# HORNs Peeling



## ryorkies (May 4, 2010)




----------



## ryorkies (May 4, 2010)

Minerals are available. What causes this? He is a 3 month old Oberhasli. Not nuetered yet. Will have to band him here next week. Anyone want a Ober buckling. LOL I will sell him. I live in S. Oregon


----------



## Nanno (Aug 30, 2009)

I remember Cuzco's horns did that too when he was the same age as your fella. It looked to me like a young goats' horn buds are different from the "adult" horn material that grows in underneath. I thought Cuzco's horns were falling apart and I was a bit worried for a while. But eventually he rubbed them down to a point and they've looked quite normal ever since.

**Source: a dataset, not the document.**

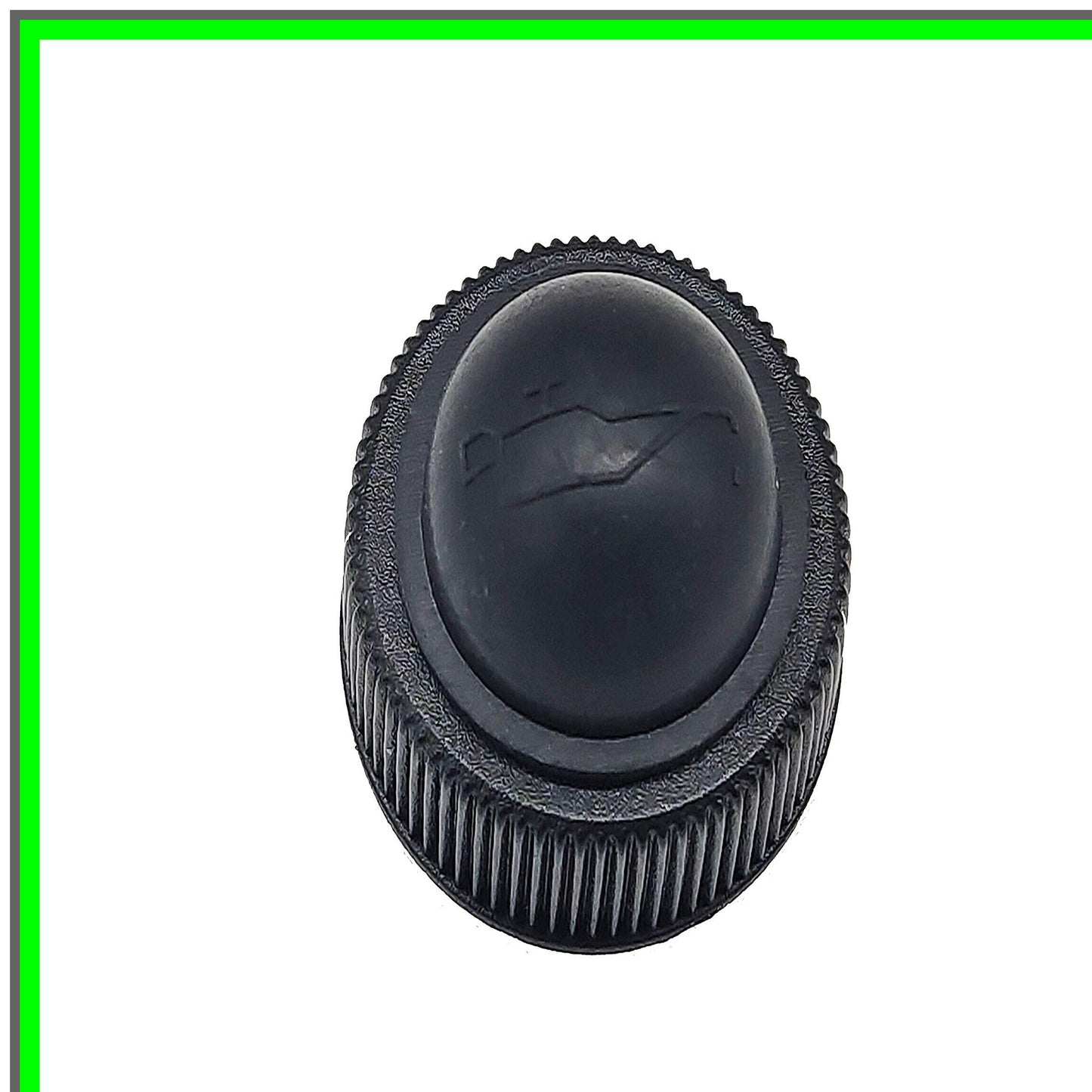 Remington Chainsaw Cap and Bulb Assembly Replacement Set 2-Pack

Here's a photo of Cuzco when he was three months old. You can see how rough his horns looked. It looked like there was a sheath over the horns that was breaking down and rubbing off. They looked quite normal a couple of months later. 
View attachment 1655


Here's another photo of Cuzco's horns a few weeks later. You can see he has that peeling, broken-off look that your goat has. 
View attachment 1656


----------



## Deschutes Dawn (Sep 24, 2013)

Radena, what would it take to get this guy to central Oregon?


----------



## ryorkies (May 4, 2010)

deschutes dawn said:


> Radena, what would it take to get this guy to central Oregon?


I am in Klamath Falls area. 
541-nine73-eight83zero
to discuss it.


----------



## sanhestar (Dec 10, 2008)

this is a normal growing process, no need to worry. Horns will be smooth in a few weeks.


----------



## Saltlick (Jun 12, 2011)

Happened to my Saanen too when his horns were growing but they turned out just fine.


----------



## ryorkies (May 4, 2010)

Thank you everyone. It is nice to know it is normal. And not something I was
neglecting in his nutritional needs.​


----------